The mountain we visited was home to Buddhist temples and a pagoda that houses the body of a recently deceased monk. A stairway that we took was made of marble, making it very slippery in the heavy rain, and it brought us to a large Buddha statue. We were told that the statue was relatively new, having been completed six years prior. Moving on we came across a much more interesting Buddha which was carved from the mountain inside a shallow cave. The cave had holes in the top, allowing light to shine on the sculpture.
Heading further into the mountain we came to a chamber inside of a longer cave that was absolutely stunning. A set of stairs lead down to the floor in the massive chamber and directly opposite where we stood was a seated Buddha high above the ground, carved from the rock wall. Our guide told us that the holes in the roof of the cave were partially natural and partially enlarged by bombs from the war.
After a tour of the main chamber, including seeing a fountain of lucky water that dripped from a nook in the cave and filled a small pool, we went outside and climbed more slippery stairs on our walk to “heaven”. In prior times the monks believed that ascending the mountain was akin to ascending to heaven, and we walked right up to the very top. The views were nice, however without the clouds and rain, plus lack of urban sprawl back then would have made them much nicer. We descended pretty quickly since the rain was coming down hard and headed to the next stop for the day, Monkey Mountain.
Monkey Mountain sounded interesting when we heard about it, being home to the rare red mouth monkey and a former French and then US base during their wars in Vietnam. When we arrived we found our surroundings to be a bit less romantic than they had sounded. We stopped in a semi busy parking lot and were shown the path to go see a giant Lady Buddha statue that had been completed a few years prior.
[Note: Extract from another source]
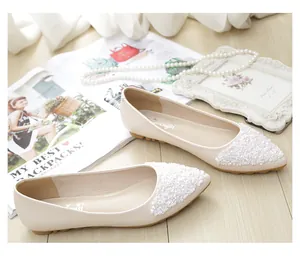 Dettaglio di ballerine beige a punta con paillettes e suola in gomma antiscivolo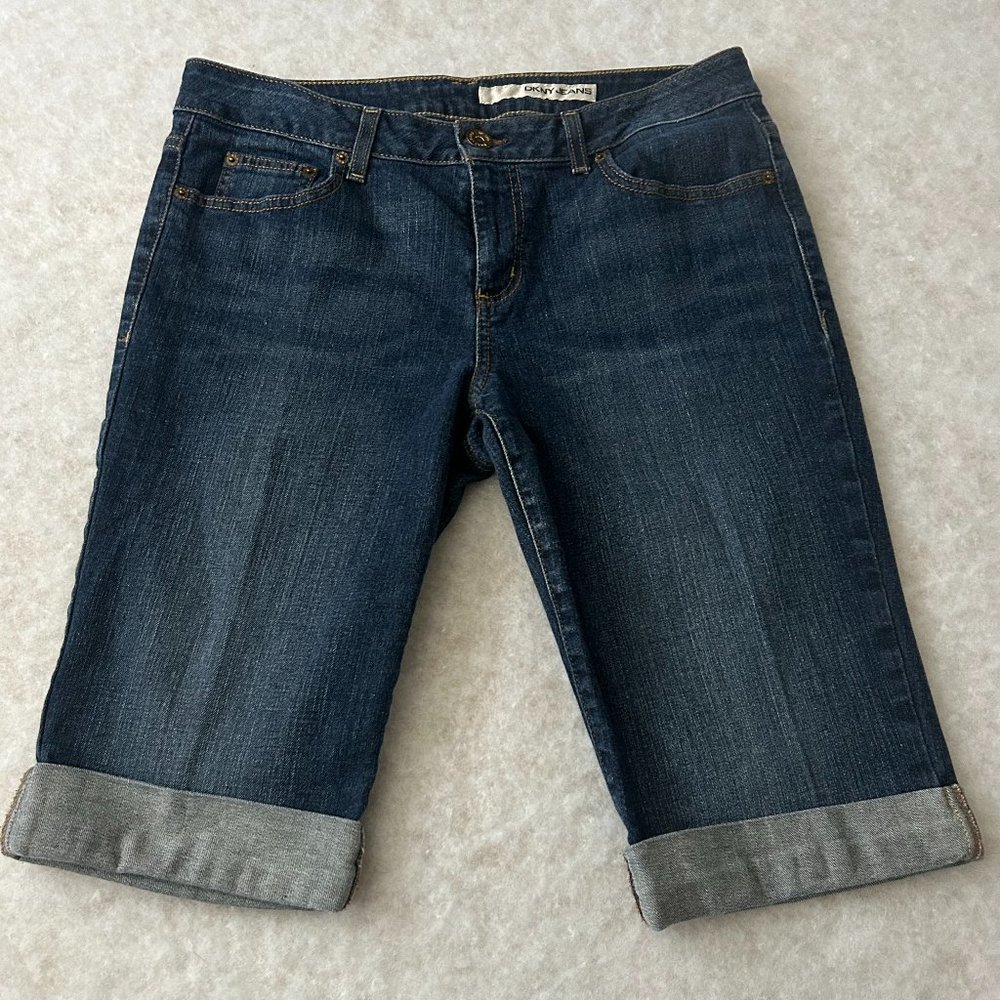DKNY Women's Medium Wash Bermuda Jean Shorts w/ Cuffs Slight Whiskering  Size 14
Soaking wet, we looked up and saw what was indeed, a very giant female Buddha.
Standing at 67 meters, the giant Lady Buddha is the tallest Buddha in Vietnam and has 17 floors inside that can be climbed, but not by visitors when we were there. Our guide told us that the Lady Buddha that is virtually everywhere you look in the country, wasn’t born on earth, but is a heavenly being. Buddha himself was born on earth and grew from a child to an adult, but Lady Buddha was never a child. Waving goodbye to the large lady, we ran to escape the rain and later to move onto our next stop in Vietnam which also happened to be our favorite, Phong Nha National Park!